Members of the Joint Finance-Appropriations Committee appear much taken aback this morning at the request for $14.45 million to bail out the Idaho Education Network, the broadband service run by contractor Education Networks of America that provides broadband connections to every Idaho high school. The state Department of Administration is proposing expanding the network next year to elementary and middle schools as well, with another $3.5 million state investment. Federal “e-rate” funds that were supposed to pay for much of the costs over the past year never arrived; the state is proposing the additional state funding to pay the contractors to make that up.
“This is a very interesting development,” said Sen. Dan Schmidt, D-Moscow. “Are there other relationships with the federal government that might be at risk here? Because this sounds very mysterious to me.”
Sen. Dean Mortimer, R-Idaho Falls, said, “I’m very, very concerned with the sense of urgency and the timing ... particularly when we have such a large amount of money at stake.”
Sen. Shawn Keough, R-Sandpoint, said, “I’m struggling because what we’re being asked to do on behalf of the taxpayers of Idaho is to fund an obligation or a partnership that existed with the federal government on e-rate funding ... and many school districts had their own e-rate relationship before we established the IEN. So the state disrupted a previous relationship with many of our school districts on e-rate funding.
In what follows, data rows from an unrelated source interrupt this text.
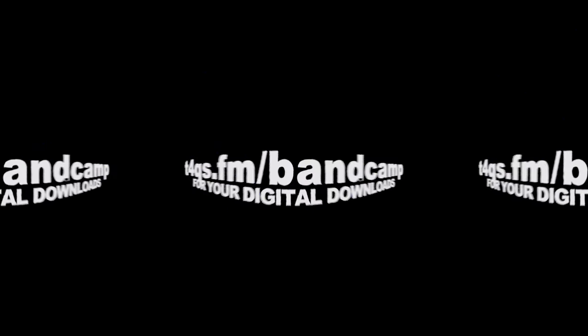The full 360 degree video is coming soon. T4QS.fm slash bandcamp for your digital downloads. Look out for the vinyl.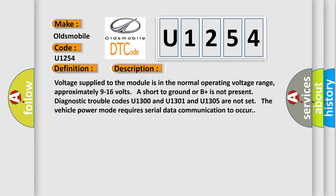Voltage supply to the module is in the normal operating voltage range, approximately 9 to 16 volts. A short to ground or B+ is not present. Diagnostic trouble codes U1300, U1301, and U1305 are not set. The vehicle power mode requires serial data communication to occur.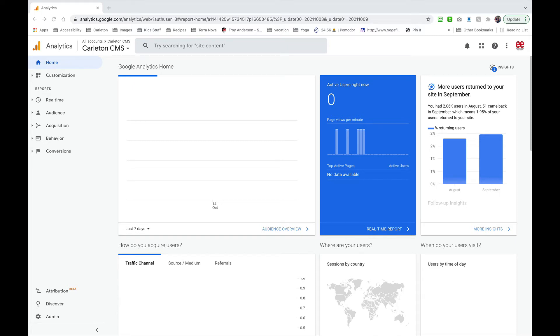Hey there, so today I want to show you how to send yourself a recurring analytics report from Google.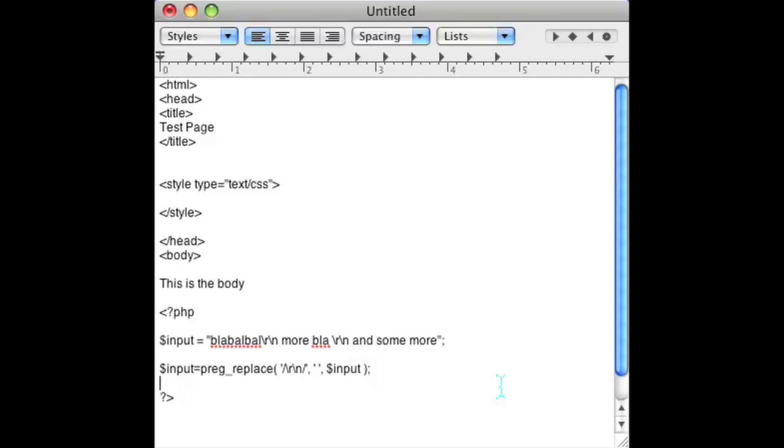Once you've done this, the input will no longer have any carriage returns no matter where they appear in the string. I'm Omar and I just showed you how to eliminate carriage returns using PHP. Have a good day.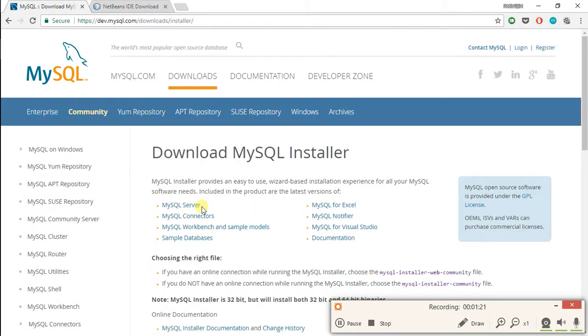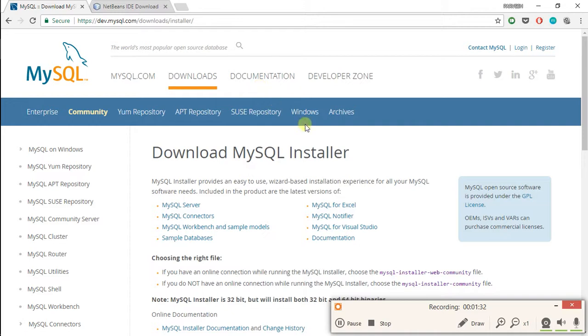MySQL server is an open source database software which we will use in storing data from our software. So let's first download both software and install. Then we will start learning.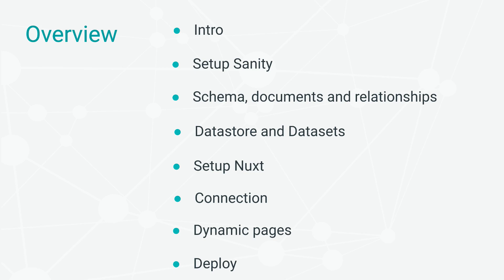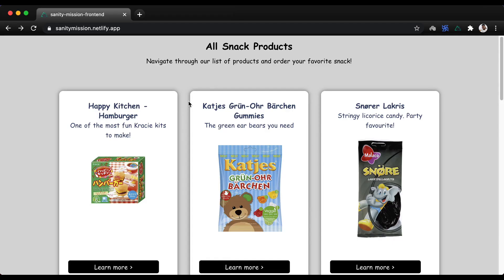If you're wondering what this application will look like when we are done, here you go. These products are all pre-generated at build time with Nuxt.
We built the IEN and it’s been a marvelous tool, but now, because of this lawsuit dragging on, that funding is in jeopardy. The ability to move forward into expansion that has great support into elementary and middle schools is in jeopardy, because I’m not sure how fiduciarily we can move forward when we don’t know if our federal partners are going to be involved.”
Rep. Shirley Ringo, D-Moscow, said, “I think I agree with Sen. Mortimer that we’re at a state where a nose-to-nose meeting is in order.”